История атомной бомбы
Шрифт:
На седьмом этаже Института физики Колумбийского университета царит business as usual. Тому, кто хочет в эти апрельские дни 1940 года поговорить с Энрико Ферми, придется — как важному испанскому посетителю несколько лет тому назад в Риме — рассчитывать, что, скорее всего, он увидит вначале его облысевший затылок, его развевающийся халат и мелькающие каблуки его башмаков. Ферми и в Нью-Йорке считает себя лучшим атлетом в своей группе. И поэтому снова объявил тридцатиметровые спурты вдоль коридора к счетчику Гейгера своим начальническим делом. После того как из военного бюджета было выделено шесть тысяч долларов, в лабораторию поступило уже несколько ящиков с графитовыми кирпичами — всего четыре тонны. Лео Силард до последнего сражался с господами из «Union Carbon and Carbide Company» за приемлемые цены. Ферми и его сотрудники укладывают графитовые кирпичи в черные колонны
У подножия графитового котла находится испытанный радоново-бериллиевый источник, вставленный в парафиновый блок, тогда как зазоры в графите задуманы для фольги из родия, которая внутри котла должна улавливать нейтроны и таким образом отмечать глубину их проникновения. Чем глубже и дальше нейтроны проникают в графит, тем лучше это вещество подходит в качестве замедлителя для будущего реактора. Поскольку родий имеет период полураспада в сорок четыре секунды, каждое действие должно быть идеально отработанным. После одной минуты облучения Андерсон по отмашке удаляет источник нейтронов, а Ферми с секундомером в руке хватает фольгу. У него есть десять секунд на то, чтобы добежать до кабинета, и еще пять секунд на то, чтобы поднести фольгу к счетчику Гейгера и захлопнуть свинцовую крышку до того, как прибор заработает. «Я до сих пор так и вижу, как с первыми щелчками счетчика в его глазах вспыхивают искры, — вспоминает Андерсон. — В такт этому ритму он кивает головой. Феномен радиоактивности всякий раз заново приводит его в восторг».

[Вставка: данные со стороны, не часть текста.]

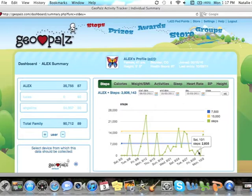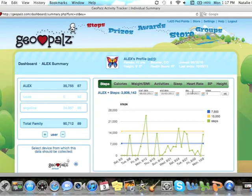To enter steps for Sunday, do the same thing and click on Sunday. Make sure the same date is in this box. I'll enter my steps and click the adjust button.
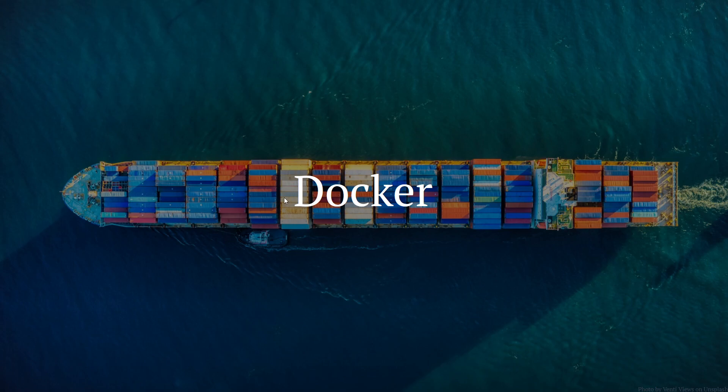Hello and welcome to this Docker tutorial series. In this series we're going to learn about what Docker is, what containerization is, and many other technologies and terms related to Docker and containerization overall.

«Еврейский сундук» Пауля Хартека — это сколоченный из досок контейнер высотой, шириной и глубиной в два метра. Он стоит на виду у любого ротозея между декоративными кустами и клинкерной обшивкой стены Института физической химии на Юнгиусштрассе в Гамбурге. В этом совершенно секретном котле под открытым небом размещаются блоки сухого льда. Порошок оксида урана Хартек и его сотрудники засыпают в пять вертикальных шахт, оставленных среди льда. Стенки шахт облицованы фанерой. Источник нейтронов и измерительные зонды располагаются у средней шахты. В эту последнюю неделю мая сбываются все худшие ожидания Хартека. Измерения разочаровывают. Размножения нейтронов, которое он оценивал по предварительным расчетам в двадцать пять процентов, так и не зафиксировано. Сто восемьдесят пять килограммов «препарата 38» попросту не хватило, чтобы провести полноценный эксперимент и добиться разумного результата. В начале июня его пятнадцать тонн сухого льда растаяли, так что ему пришлось с огорчением прекратить опыт.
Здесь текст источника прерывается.